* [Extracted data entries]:
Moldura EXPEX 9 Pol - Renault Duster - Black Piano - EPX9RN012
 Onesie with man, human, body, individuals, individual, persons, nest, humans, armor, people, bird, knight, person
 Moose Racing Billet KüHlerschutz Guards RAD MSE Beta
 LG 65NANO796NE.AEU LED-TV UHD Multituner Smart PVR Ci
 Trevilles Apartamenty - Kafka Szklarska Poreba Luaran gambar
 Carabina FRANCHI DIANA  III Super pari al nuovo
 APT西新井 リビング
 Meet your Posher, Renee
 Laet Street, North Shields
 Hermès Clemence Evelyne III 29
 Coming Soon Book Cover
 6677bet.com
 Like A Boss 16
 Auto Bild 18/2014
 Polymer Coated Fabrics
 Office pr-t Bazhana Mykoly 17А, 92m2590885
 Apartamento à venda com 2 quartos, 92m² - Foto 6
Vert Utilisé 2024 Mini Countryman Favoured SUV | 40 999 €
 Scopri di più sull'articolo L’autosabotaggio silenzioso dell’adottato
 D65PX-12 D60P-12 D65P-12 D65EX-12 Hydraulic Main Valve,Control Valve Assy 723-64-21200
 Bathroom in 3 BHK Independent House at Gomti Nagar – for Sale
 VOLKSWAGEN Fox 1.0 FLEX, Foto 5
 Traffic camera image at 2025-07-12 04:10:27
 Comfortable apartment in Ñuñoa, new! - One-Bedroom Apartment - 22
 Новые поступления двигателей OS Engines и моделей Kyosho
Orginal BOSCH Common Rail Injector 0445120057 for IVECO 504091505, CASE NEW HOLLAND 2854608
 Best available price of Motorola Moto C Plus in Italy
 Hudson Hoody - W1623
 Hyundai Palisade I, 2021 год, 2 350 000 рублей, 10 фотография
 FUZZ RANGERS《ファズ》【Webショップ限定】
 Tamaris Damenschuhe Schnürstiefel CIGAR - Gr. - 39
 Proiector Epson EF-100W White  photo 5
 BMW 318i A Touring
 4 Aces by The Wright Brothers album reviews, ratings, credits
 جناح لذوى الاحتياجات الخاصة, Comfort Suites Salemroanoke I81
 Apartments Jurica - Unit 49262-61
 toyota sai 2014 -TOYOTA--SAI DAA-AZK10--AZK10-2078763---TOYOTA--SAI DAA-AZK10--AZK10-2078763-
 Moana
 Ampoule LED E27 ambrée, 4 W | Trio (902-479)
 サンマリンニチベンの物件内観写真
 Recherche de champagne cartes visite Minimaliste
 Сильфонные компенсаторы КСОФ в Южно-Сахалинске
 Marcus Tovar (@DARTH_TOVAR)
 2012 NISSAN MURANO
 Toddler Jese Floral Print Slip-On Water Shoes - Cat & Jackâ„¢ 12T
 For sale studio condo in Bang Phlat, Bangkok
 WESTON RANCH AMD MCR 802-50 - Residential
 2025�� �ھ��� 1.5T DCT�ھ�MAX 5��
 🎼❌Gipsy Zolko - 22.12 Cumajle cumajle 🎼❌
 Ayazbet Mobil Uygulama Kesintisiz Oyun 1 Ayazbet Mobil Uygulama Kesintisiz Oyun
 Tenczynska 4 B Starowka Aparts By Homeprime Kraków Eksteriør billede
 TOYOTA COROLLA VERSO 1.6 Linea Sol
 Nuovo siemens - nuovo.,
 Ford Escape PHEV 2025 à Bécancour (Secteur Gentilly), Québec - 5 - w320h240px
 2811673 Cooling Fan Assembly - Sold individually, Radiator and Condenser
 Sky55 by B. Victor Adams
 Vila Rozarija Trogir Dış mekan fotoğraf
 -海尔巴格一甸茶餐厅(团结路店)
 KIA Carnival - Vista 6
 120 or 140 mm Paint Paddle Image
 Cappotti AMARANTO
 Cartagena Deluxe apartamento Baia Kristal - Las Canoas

* [Work order]: Locate the word "nuovo" in the entries, and copy every line where it is found.

* [Exercise answer]:
 Carabina FRANCHI DIANA  III Super pari al nuovo
 Nuovo siemens - nuovo.,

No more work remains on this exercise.